What do you put in From and what goes in Real-From? The From address
can be stripped down to the mailbox name, and the Real-From can be any
user-oriented decoration at all. Thus, I'd express mail from somebody
with mailbox he(_at_)idt(_dot_)unit(_dot_)no and real-name (in mnemonic)
``H&XFard
Eidnes'' as as the combination (forgive my detail misunderstanding)
From: he(_at_)idt(_dot_)unit(_dot_)no
Real-From: US-ASCII/mnemonic: H&XFard Eidnes
instead of
From: H&XFard Eidnes <he(_at_)idt(_dot_)unit(_dot_)no>
A severe additional problem with the mnemonic proposal (besides its
western-centricity) is this. Given that the special header appears that
identifies key text strings as being in mnemonic encoding, what fields
and sub-fields are subject to this encoding (and therefore decoding)?
Clearly, lines like Subject:/Comments: are to be decoded. And the
intent is that the ``mailbox'' RFC 822 type is to receive special
treatment:
mailbox = addr-spec ; simple address
/ phrase route-addr ; name & addr-spec
I'd guess that the ``phrase'' should be decoded, but in addr-spec, the
``local-part'' should be left alone. How about comments? Are they to
be decoded in From: lines? How about in other lines, like Received: or
Date:? How about all the extension fields--are they to be decoded? How
about the Received: header: its optional ``for'' clause contains an
addr-spec. Is that to be decoded? What about the message massagers
along the way that add Received: lines and possibly manipulate other
headers? What should they do about interpreting encoded text, or making
sure that the text they generate is encoded if that's indicated?
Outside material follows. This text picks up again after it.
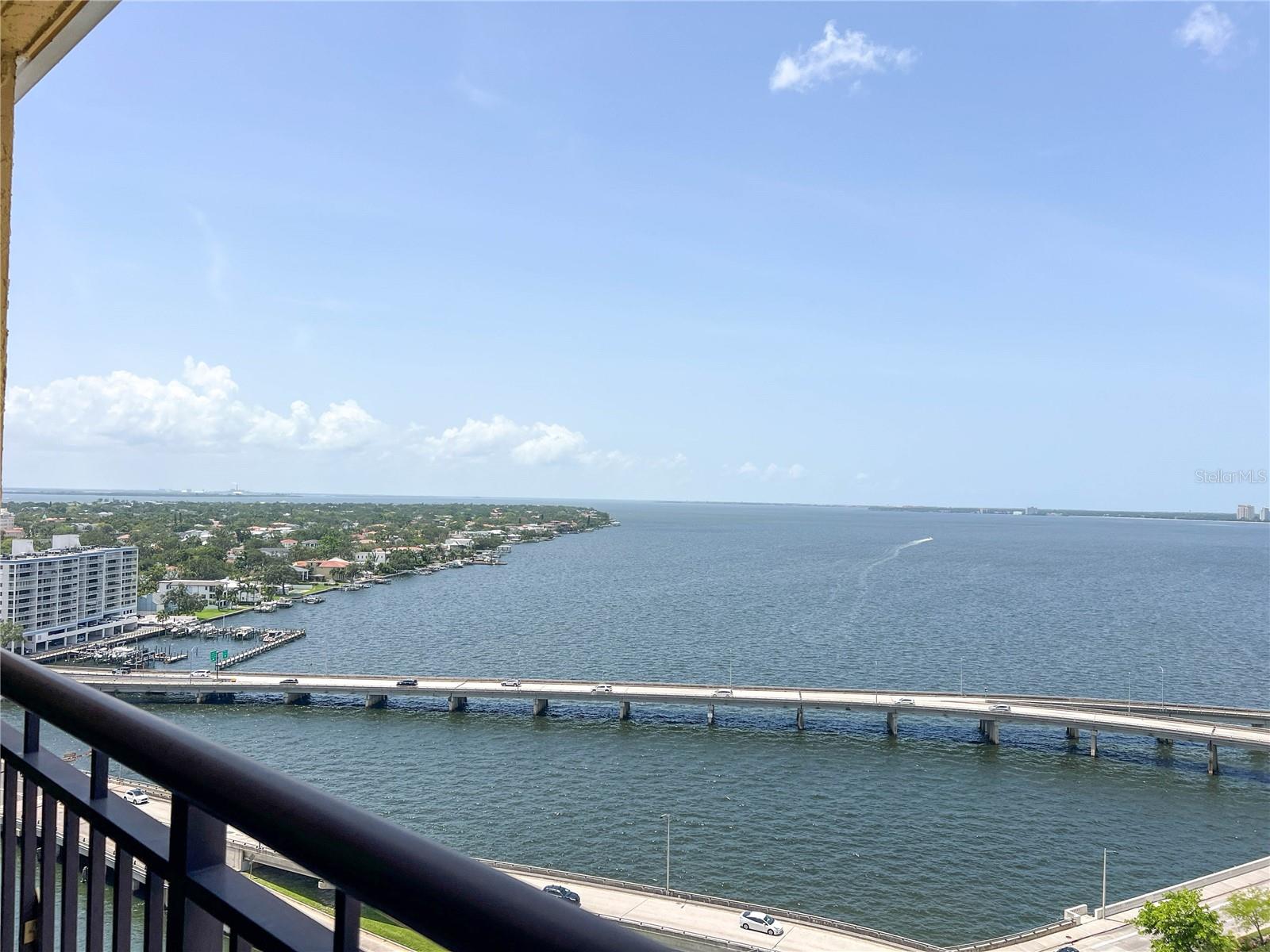 Discover the height of elegance with unparalleled luxury and breathtaking views from one of the largest units at 345 Bayshore featuring 3 bedrooms, 2 full baths and a ½ bath powder room. Dual balconies with floor to ceiling sliding glass doors and windows throughout for those astounding unobstructed water views of Tampa Bay and ever- changing sunsets. A spacious floor plan seamlessly connects the living, dining, and kitchen areas, perfect for both relaxation and entertaining, with water views from every angle and Brazilian wood flooring throughout the majority of the unit. The kitchen has been redesigned with higher end matching appliances, sleek cabinetry, pantry and
elegant granite countertops with a quaint breakfast bar catering to the culinary enthusiasts. The master suite offers its own serene escape with a private balcony, floor to ceiling sliders, crown molding, surround sound system, a custom 10’x6’ walk-in closet with built ins, and a spacious en suite bath featuring a polished travertine shower, oversized soaking tub, his/her sinks and travertine tile flooring. In both additional bedrooms you can find cozy carpeting, large closets and water views from the windows. The other full bath offers custom built in shelves, granite topped vanity and a tub/shower combo. In unit laundry room adds convenience and extra storage. Amenities at 345 Bayshore are abundant with a 24/7 front desk concierge, heated pool, spa, grill area, weight room and separate cardio center, sauna facilities, dog park, entertainment room, bike storage, car wash area, library, guest suites for visitors, storage area and personal
wine storage. Nestled in the vibrant Hyde Park neighborhood, 345 Bayshore Blvd offers immediate access to the world’s longest continuous sidewalk, perfect for morning jogs or evening strolls. Hyde Park Village, with its upscale shopping and dining options, is just moments away. Situated perfectly just outside of Downtown Tampa but close enough to Amalie Arena, Water Street, the Tampa Riverwalk, Straz Center and Davis Island. This unit has two assigned parking spaces with one being underbuilding so come enjoy the Gasparilla Parade from your private balcony!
Now, I can make guesses about these questions as well as the next guy,
but implementors can't be allowed to guess. The problem must admit
these decisions as part of its specification, and I'm not convinced that
the problem will admit any such solution.
About Robert Ullmann's observation, which I think is that 8-bit
characters can be encoded via RFC 822 simply by prefixing them with the
appropriate quote character. My copy of RFC 822 says that the
characters that can appear in header fields must fundamentally be
subsets of its CHAR class, which is listed as:
CHAR = <any ASCII character> ; ( 0-177, 0.-127.)
As far as I can tell, this excludes the possibility of putting 8-bit
characters in verbatim. The 7-bit restriction isn't just an SMTP issue;
rather, I have to read this line as applying it to the headers (and
bodies) of RFC 822 messages. Either Mr. Ullmann made a mistake here, or
this is another provocative and contentions assertion that the 7-bit
issues can go away just by pretending that they don't exist, and
declaring all non-8-bit mail handlers broken.
Craig